ColoradoOneAudit(isClca = false) One Audit, hasStyle: has all ballots in OneAudit pools by precinct. Assume that the contest list constitutes the ballot style for that precinct pool. In this case we use Card Style Data to do style sampling, which is equivilent to assuming we can match the CardLocations to the MRV, but there are no votes.

precinct styles for Polling audit

ColoradoOneAuditPolling() Polling, noStyle: assume that the precinct contest list constitutes the ballot style for that precinct pool. When creating the CardManifest, for each precinct, every cvr gets that list of contests on it. Then all the cards are read and for each contest, the total number of ballots that may contain the contest is tabulated. This is Nb - Np for that contest. Consistent sampling is used, but the estimated ballots needed for each contest are scaled by Nb/Nc >= 1.
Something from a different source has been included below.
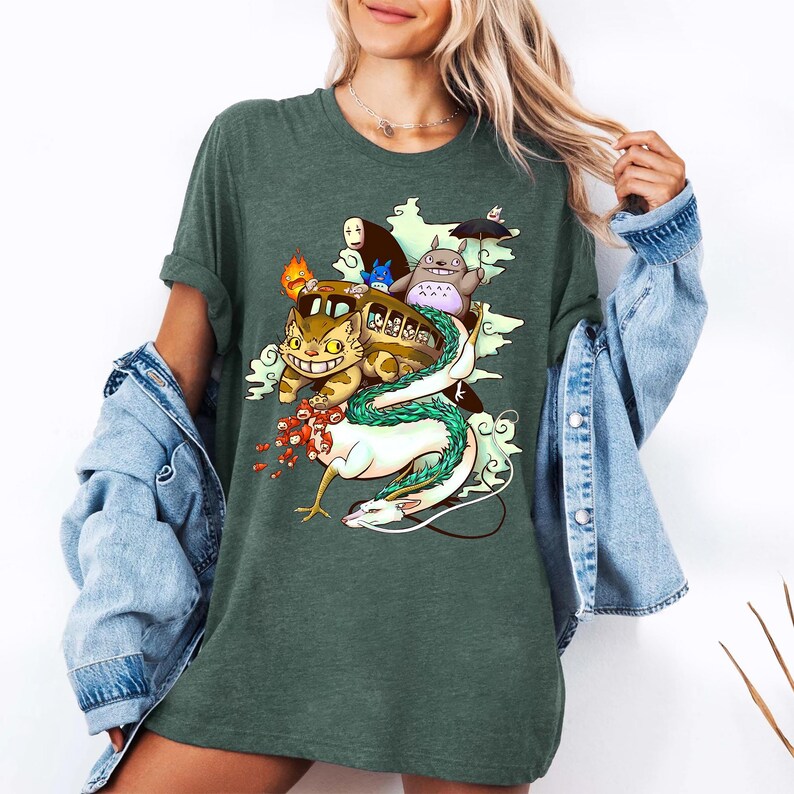 K&ouml;nnte beinhalten: Dunkelgr&uuml;nes T-Shirt mit einer farbenfrohen Grafik von animierten Charakteren. Das Design umfasst eine gelbe katzenartige Kreatur, einen Bus und einen wei&szlig;en Drachen. Das Shirt ist ein bequemer, l&auml;ssiger Stil.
Because every ballot is in a pool, Nb = Nc. Not too interesting.

Next Steps

From “Next Steps for the Colorado Risk-Limiting Audit (CORLA) Program” (Mark Lindeman, Neal McBurnett, Kellie Ottoboni, Philip B. Stark. March 5, 2018):

It is estimated that by June, 2018, 98.2% of active Colorado voters will be in CVR counties.

First, the current version (1.1.0) of RLATool needs to be modified to recognize and group together contests that 
cross jurisdictional boundaries; currently, it treats every contest as if it were entirely contained in a single county. 
Margins and risk limits apply to entire contests, not to the portion of a contest included in a county. 
RLATool also does not allow the user to select the sample size, nor does it directly allow an unstratified 
random sample to be drawn across counties.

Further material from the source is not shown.